Election day is fast approaching in British Columbia. The advocates for STV are making their final pushes. Here's Andrew Coyne's epic. The question for British Columbians is simple, what is more important: accountability or proportionality. The system that was proposed by the Citizens' Assembly is designed to try to appease the ivory tower concern of proportionality. Proportionality is something that is only useful to political parties, not voters. You are asked on election day, under both First-Past-The-Post and STV, to choose representative(s) for your part of the province to represent you in Victoria. You are not asked which political party most closely resembles your political phillosophy. You are asked to elect someone from your community (hopefully) to be your voice in government. One of the measures that you may choose to use in making your decision is partisan affiliation. Certainly the performance of a given candidate's party in the legislature is important. However, there are other variables in your decisions. Do you think the candidate is qualified to do the job? Do you think the candidate has your best interests at heart? These variables among thousands of others, may distort the statistical calculations of academics, they may confound the pundits paid to predict and pontificate. This doesn't make these considerations less valid. British Columbians vote on more than partisan identification. They should have an electoral system that seeks to do more than provide "justice" to political parties.

Representative democracy can only function if the representatives are held accountable by their members. British Columbians know that a "safe seat" is never safe in BC. The history of BC politics is littered with politicians who thought they could coast to re-election. Social Credit rose and fell in British Columbia. A government was reduced to almost nothing in British Columbia. A Prime Minister lost her seat in British Columbia. British Columbians hold their elected officials to account. It is a proud tradition that speaks to the basic ideals of representative democracy. STV promises that everyone will win. It lives up to that promise. It would only take 12.5% of the population of Victoria to keep an MLA in the legislature. How easy will it be for an established politician to find 12.5% on name recognition alone? Only a single member plurality system like the current First Past the Post system can provide true accountability. Only under FPTP can the people of BC truly strike the necessary fear into the hearts of their politicians. Only under FPTP will politicians pause before acting against the interests of their constituents.

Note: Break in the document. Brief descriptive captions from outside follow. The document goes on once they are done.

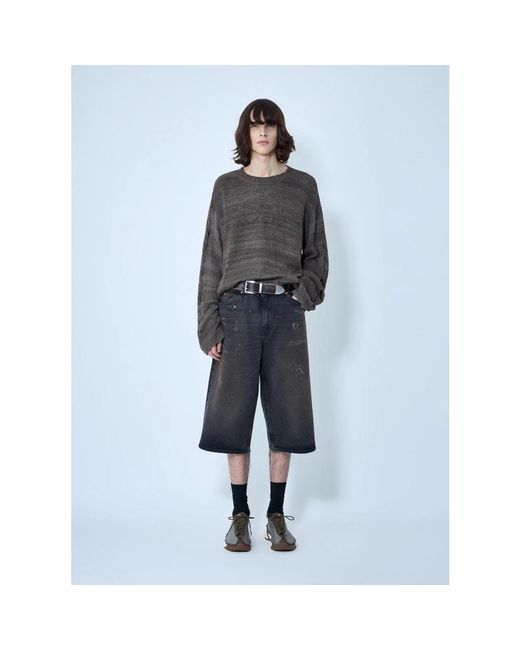 Our Legacy Gray Denim Shorts for men
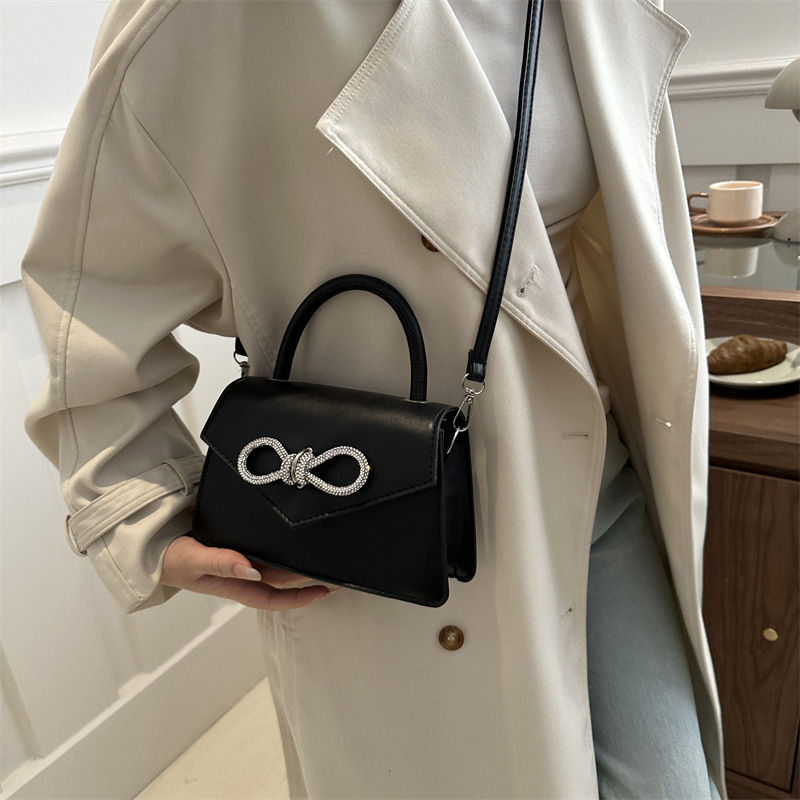 Elegante borsa a tracolla da donna con fiocco - versatile handbag_voghion.com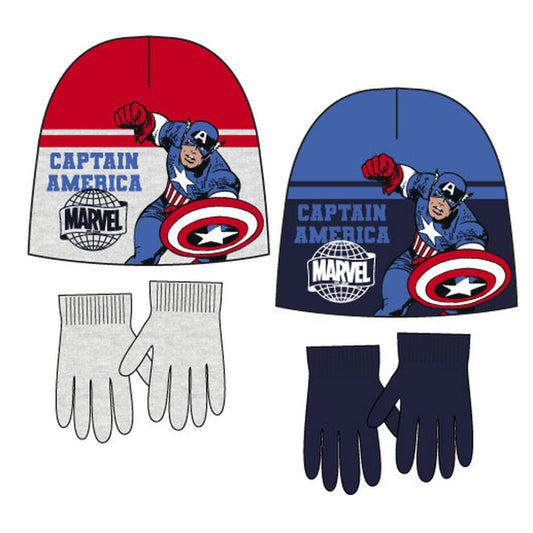 Отмъстителите Captain America детски hat + gОбичам те комплект 52-54 см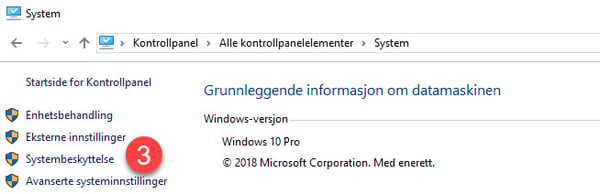 Slik kan Windows systemgjenoppretting redde dagen din 3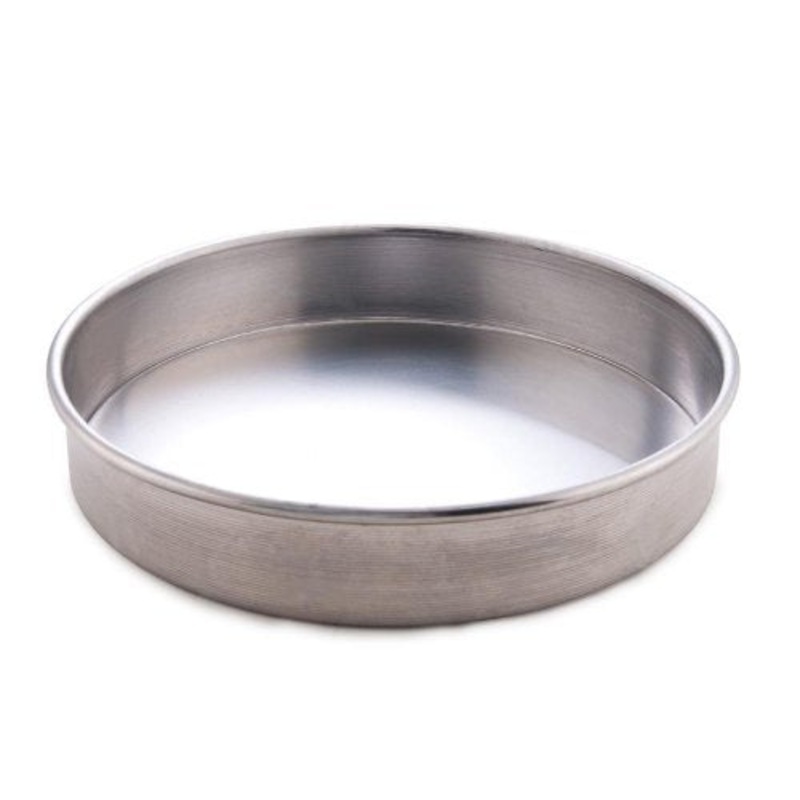 American Metalcraft A80062 6" x 2" Straight Sided Aluminum Pizza Pan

Do not be distracted by the utopians promises of STV proponents. Politics aren't perfect anywhere. It cannot be as it is fundamentally a construct of imperfect people. No electoral system will make our politics more civilized. No electoral system will make politicians keep campaign promises. Utopia comes from the Greek for "No Place". Don't vote for an electoral system as a road to something that doesn't exist. On election day, vote for the electoral system that will allow you to keep politicians accountable when they screw up instead of voting for a system in the hopes that politicians will never screw up again.

2 comments:

Dunkler said...

"The system that was proposed by the Citizens' Assembly is designed to try to appease the ivory tower concern of proportionality. Proportionality is something that is only useful to political parties, not voters"

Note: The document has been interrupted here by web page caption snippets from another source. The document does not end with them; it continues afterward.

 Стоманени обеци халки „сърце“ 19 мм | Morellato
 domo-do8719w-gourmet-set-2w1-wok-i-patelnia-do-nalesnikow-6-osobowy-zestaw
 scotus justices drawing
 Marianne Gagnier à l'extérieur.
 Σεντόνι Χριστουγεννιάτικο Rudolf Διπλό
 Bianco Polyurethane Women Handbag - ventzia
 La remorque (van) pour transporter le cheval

Having grown out in Alberta, I can tell you "proportionality" is most certainly not some "ivory tower concern". In our last election, the PCs won an overwhelming majority with only 23.4% of eligible voter support (40% turnout, 53% support). In 1993, 108,883 NDP voters failed to elect a single candidate. If you're a left-of-centre voter in Alberta, you may as well live in feudal state for all the say you get in how the province is currently run.

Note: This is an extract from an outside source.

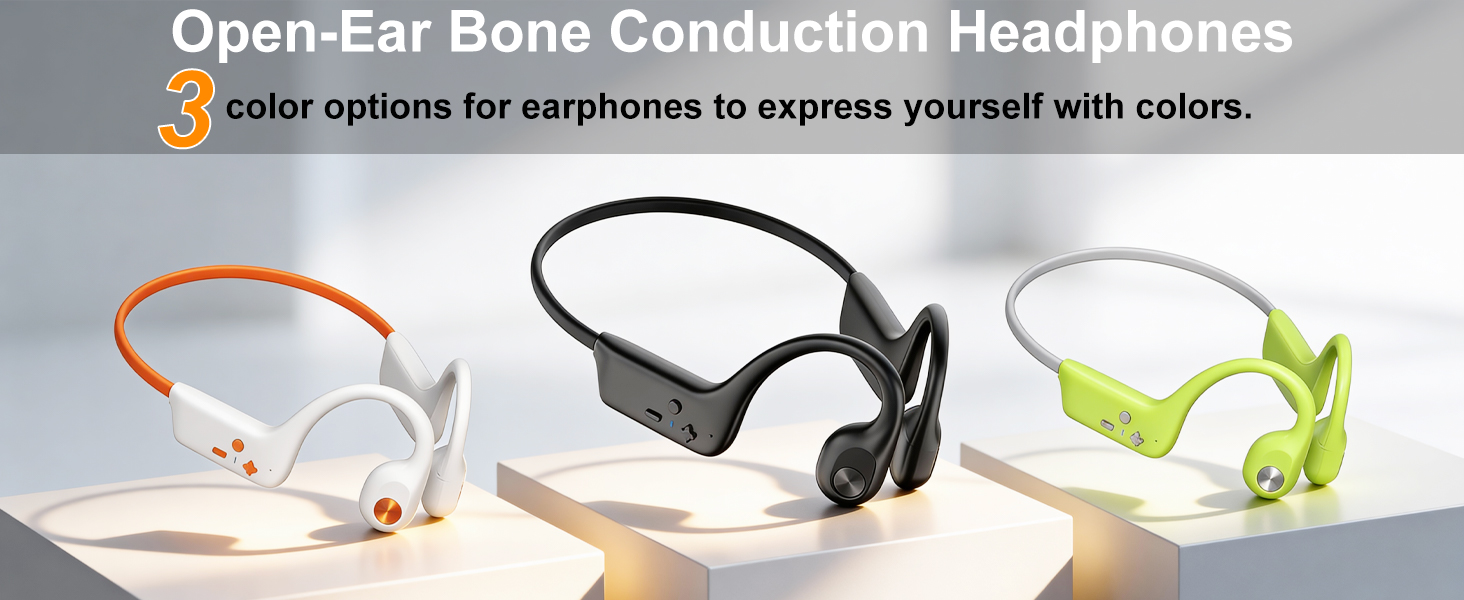 Open-Ear Bone Conduction Headphones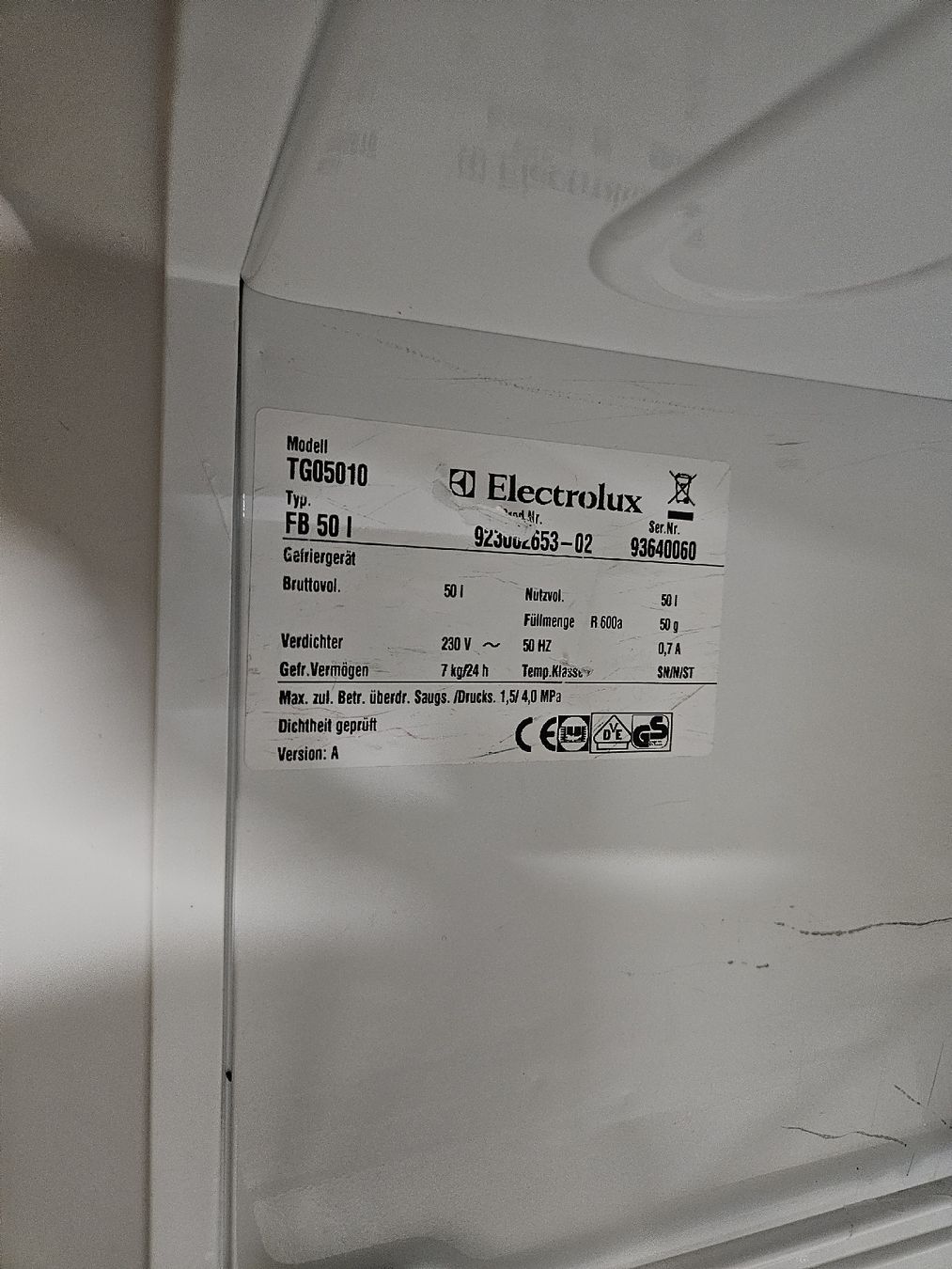 Congelatori: Electrolux FB 50 I Kuehlschrank weiss gebraucht – Usato da Rorschach venduto da TimelessTrading 5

The metric by which we should judge the effectiveness of any democratic system should be "how well does it create governments that reflect the public's wishes". In this respect, FPTP does a fairly poor job.

Anonymous said...

If it is more important to have someone elected to represent your geographical location than someone who reflects your political philosophy, then there should be no need for political parties at all. Everyone should run as an independent and the most popular individual will prevail. C'mon now. This is politics not high school. Everyone should vote for the representative whose political party affiliation best matches their own. This will always reflect the true democratic will of the people.